Below are the records; give again exactly the line with "84323229 - : Part#", the line with "মানব পাচার মামলায়", and each line that lies between them, and nothing besides.
══ DATASET EXTRACT ══
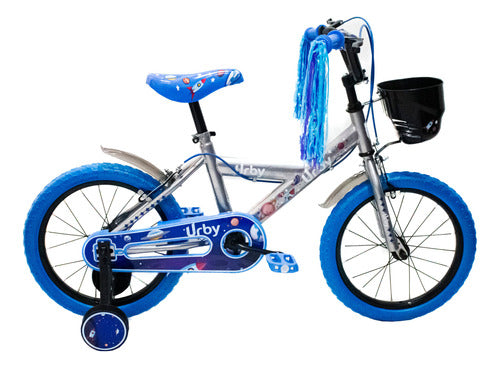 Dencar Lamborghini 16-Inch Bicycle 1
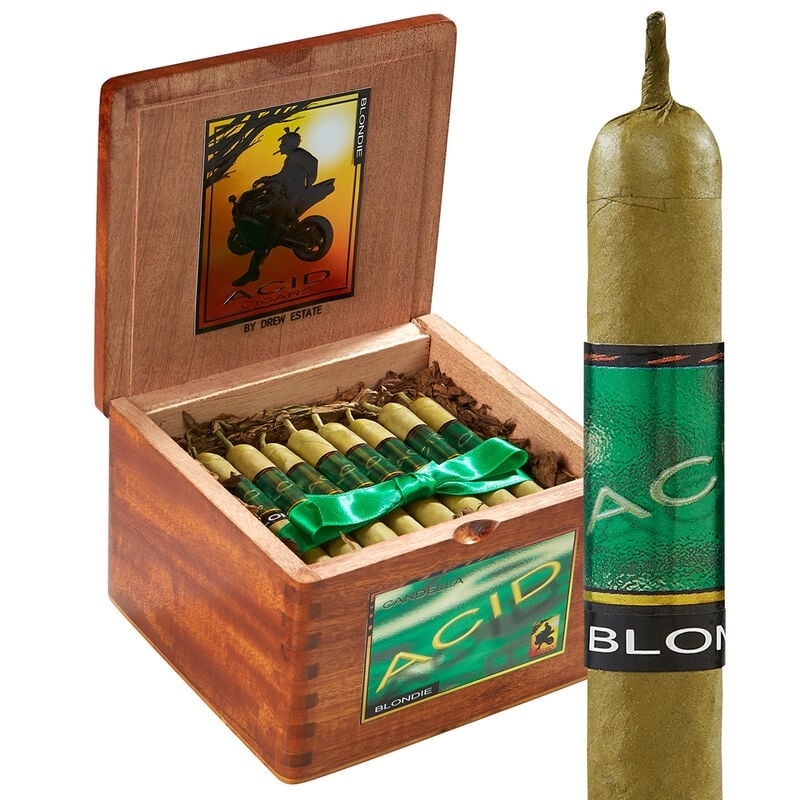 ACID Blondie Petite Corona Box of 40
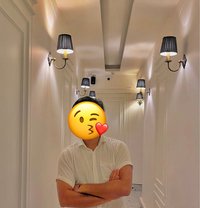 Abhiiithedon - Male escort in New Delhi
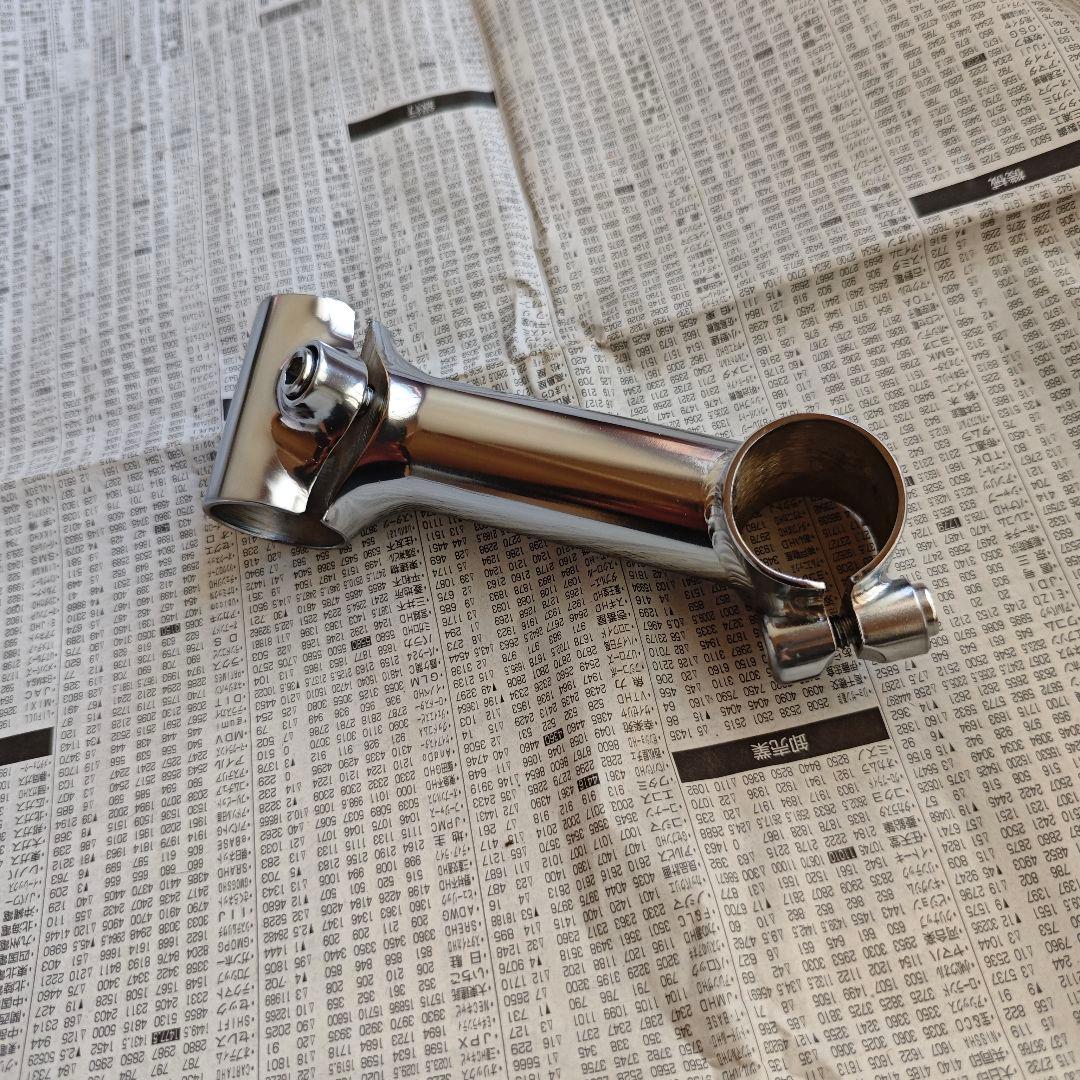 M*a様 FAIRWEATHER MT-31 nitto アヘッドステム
═══
══ DATASET EXTRACT ══
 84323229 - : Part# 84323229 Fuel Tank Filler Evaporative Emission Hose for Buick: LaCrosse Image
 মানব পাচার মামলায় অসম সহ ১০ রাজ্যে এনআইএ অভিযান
═══
OUTPUT FOR THIS TASK
 84323229 - : Part# 84323229 Fuel Tank Filler Evaporative Emission Hose for Buick: LaCrosse Image
 মানব পাচার মামলায় অসম সহ ১০ রাজ্যে এনআইএ অভিযান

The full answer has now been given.